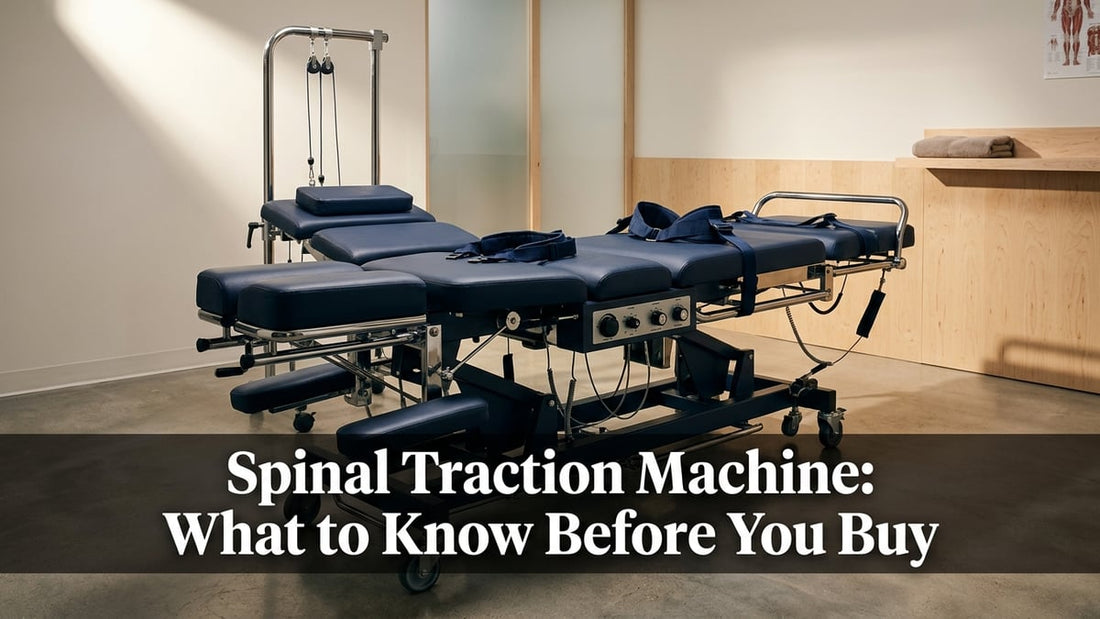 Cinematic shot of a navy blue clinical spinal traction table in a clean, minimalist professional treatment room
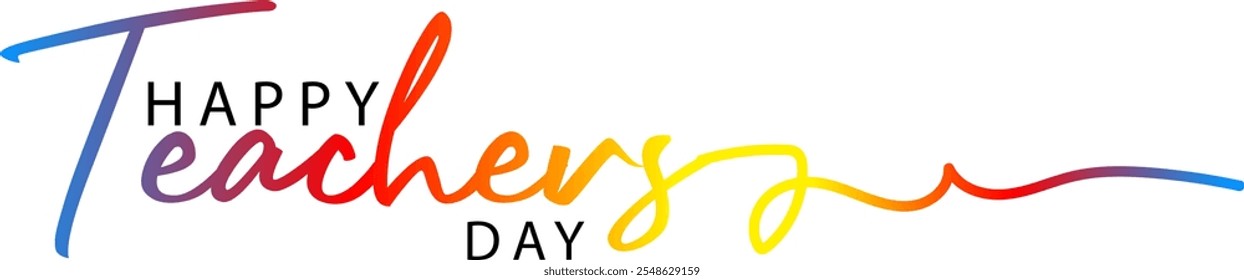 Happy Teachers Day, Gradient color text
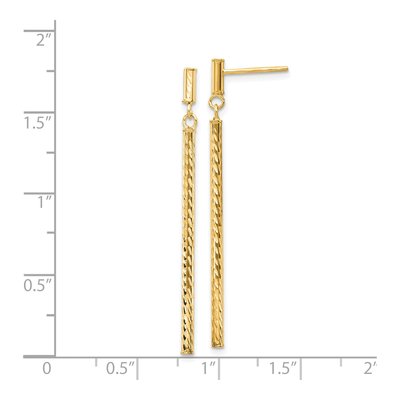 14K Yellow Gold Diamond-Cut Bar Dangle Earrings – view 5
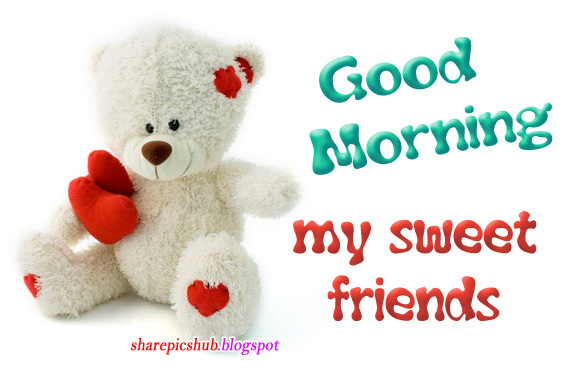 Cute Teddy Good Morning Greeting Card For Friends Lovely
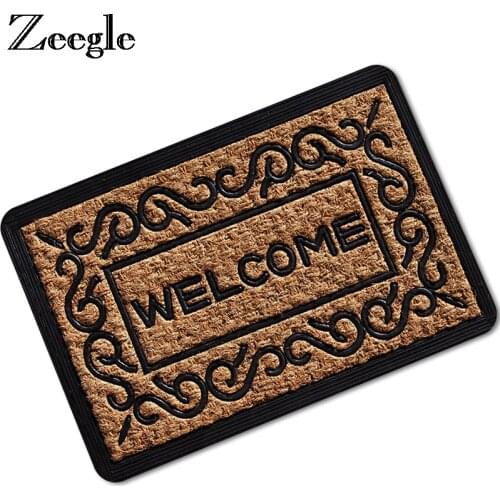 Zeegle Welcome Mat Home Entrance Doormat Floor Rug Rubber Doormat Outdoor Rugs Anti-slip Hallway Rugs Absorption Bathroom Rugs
========================
Copy exactly the lines from the one containing "Happy Teachers Day, Gradient color text" to the end of the records, both included, and leave the pictures out.

* _TASK OUTPUT_:
 Happy Teachers Day, Gradient color text
 14K Yellow Gold Diamond-Cut Bar Dangle Earrings – view 5
 Cute Teddy Good Morning Greeting Card For Friends Lovely
 Zeegle Welcome Mat Home Entrance Doormat Floor Rug Rubber Doormat Outdoor Rugs Anti-slip Hallway Rugs Absorption Bathroom Rugs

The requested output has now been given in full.